Bob, early fifties, as squat, heavy, and round as a cast iron chiminea, owns an Atlanta car dealership. Dean, late fifties, is similar in build to me—slim and not very tall—with coarse gray hair and a long roman nose. Dean is a systems analyst. I have no idea what that means.
“Come now,” Curtis chides. “They cannot be that bad.”
I roll my eyes. “Dean is an obsessive compulsive. He’ll fixate on something trivial that happened days ago, like why no one offered him salt with his noon meal, and talk about it incessantly. I suppose the stress of all that has happened to us causes him to find comfort by dwelling on little things. Whatever the cause, he’s a pain in the ass to be around. As for Bob, he’s annoying, too—constantly trying to suck up to Conner in the hopes that at his next feeding Conner will toss him an extra biscuit.”
“We have people like that on the day shift,” Nelson waves his hand before his face as though flicking away a fly. “So, during your lonely surveillance is there any sign of Action and his men?”
“Every once in a while I catch a glimpse of somebody on the other side of the lagoon. Island men, but once or twice, I think it was a woman. I can’t tell if they are one of Action’s gang or not. It’s hard to see unless it’s a full moon. It could be that they’re testing our defenses—seeing if we’re still on guard. Either way, after a while they wander off.”

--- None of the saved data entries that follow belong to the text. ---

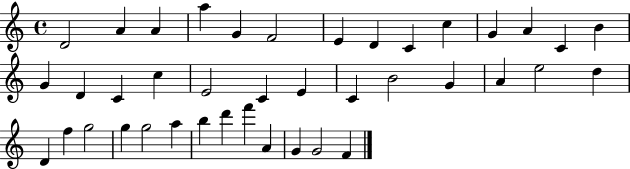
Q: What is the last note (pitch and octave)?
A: F4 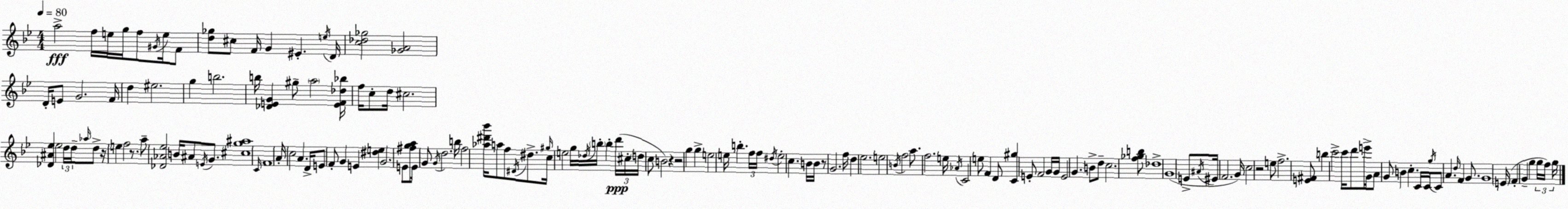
X:1
T:Untitled
M:4/4
L:1/4
K:Gm
a2 f/4 e/4 g/4 f/2 ^G/4 e/4 F/2 [d_g]/2 ^c/2 F/4 G ^E e/4 D/4 [c_d_g]2 [_GA]2 D/4 E/2 G2 F/4 d ^e2 g b2 b/4 [_DEG] ^g/2 a2 [EF_d_b]/4 f/4 c/2 d/4 ^c2 [_D^A_e] _e2 d/4 d/4 _a/4 d/2 z/4 e f2 z/2 a/2 [_D_A_e]2 B/4 ^A/2 E/4 G/2 [^cg^a]4 C/4 F4 A/4 c2 A D/4 E/2 F/2 G E [^de] G2 E/2 [^fga]/2 E/4 G/2 G/4 d2 b/4 f2 [_a^d'_b']/4 a/2 f/2 ^D/4 ^d/2 ^g/4 c/4 e2 g/4 _d/4 b/4 b d'/4 ^c/4 d/4 c/2 B2 z z2 g g e2 e/4 b f/4 f/4 ^d/4 e2 c B/4 B/4 z/2 G2 f/4 d _e2 e2 B/4 f2 a/2 f2 e/4 _A/4 C2 e/2 F D/2 [C^g] E/2 F2 G/4 G/4 E2 G B/2 d/2 c2 [f_gb]/2 _d4 G4 E/2 ^A/4 ^E/4 F2 G/4 c2 z2 e/2 f2 [E^F]/2 b c'2 c'/4 d'/2 e'/4 G/4 A/2 G/2 B c C/4 C/4 g/4 C/2 A d/4 F G/2 G4 E/4 F G g g/4 f/4 g/4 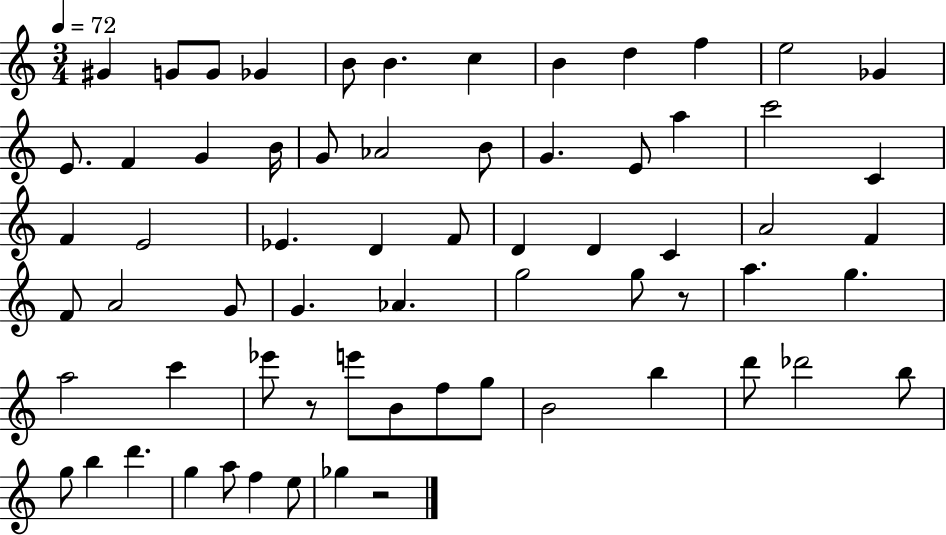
{
  \clef treble
  \numericTimeSignature
  \time 3/4
  \key c \major
  \tempo 4 = 72
  gis'4 g'8 g'8 ges'4 | b'8 b'4. c''4 | b'4 d''4 f''4 | e''2 ges'4 | \break e'8. f'4 g'4 b'16 | g'8 aes'2 b'8 | g'4. e'8 a''4 | c'''2 c'4 | \break f'4 e'2 | ees'4. d'4 f'8 | d'4 d'4 c'4 | a'2 f'4 | \break f'8 a'2 g'8 | g'4. aes'4. | g''2 g''8 r8 | a''4. g''4. | \break a''2 c'''4 | ees'''8 r8 e'''8 b'8 f''8 g''8 | b'2 b''4 | d'''8 des'''2 b''8 | \break g''8 b''4 d'''4. | g''4 a''8 f''4 e''8 | ges''4 r2 | \bar "|."
} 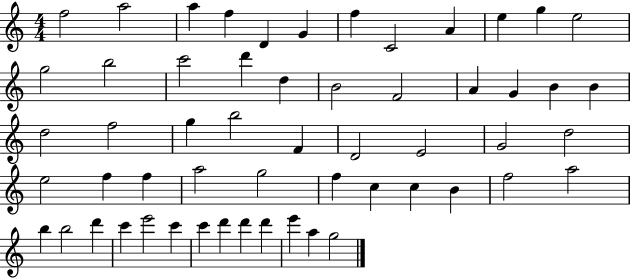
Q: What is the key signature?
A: C major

The mood in the restaurant is as joyful as a child’s funeral. Men and women accustomed to a life of luxury hunch over their scrimpy meals or shuffle about with the enthusiasm of concentration camp prisoners. Robby doles out the first meal of my day: Less than half a cup of noodles, mixed with half a spoiled avocado and bits of some type of grilled sea creature. The noodles take the concept of al dente to a tooth-cracking extreme. In the kitchen, three sullen women prepare all the meals. Conner thrust the responsibility on them completely at random and it shows. Not all that long ago I would have dumped this food down the toilet; now I wolf it down.
Conner watches everything, seated on his rattan throne, making certain that no one gets more than the barest amount of food necessary for survival. Following Conner’s new rules, Nelson raps at the swinging door to the kitchen but does not enter. No one can enter the kitchen except the three cooks and Conner, who wears about his neck the only key to the storerooms.
One of the three women pops her head through the swinging door.
With misplaced pride, Nelson hands his skimpy catch of the day to the woman. “Dinner is served.”
Her expression is as sour as a bag of lemons. “I told you yesterday this type of fish is all bones. Considering what little meat we get, it is hardly worth the effort to clean and gut them.”
“A fisherman is only as good as what the sea provides,” Curtis wraps a supportive arm over Nelson’s shoulder.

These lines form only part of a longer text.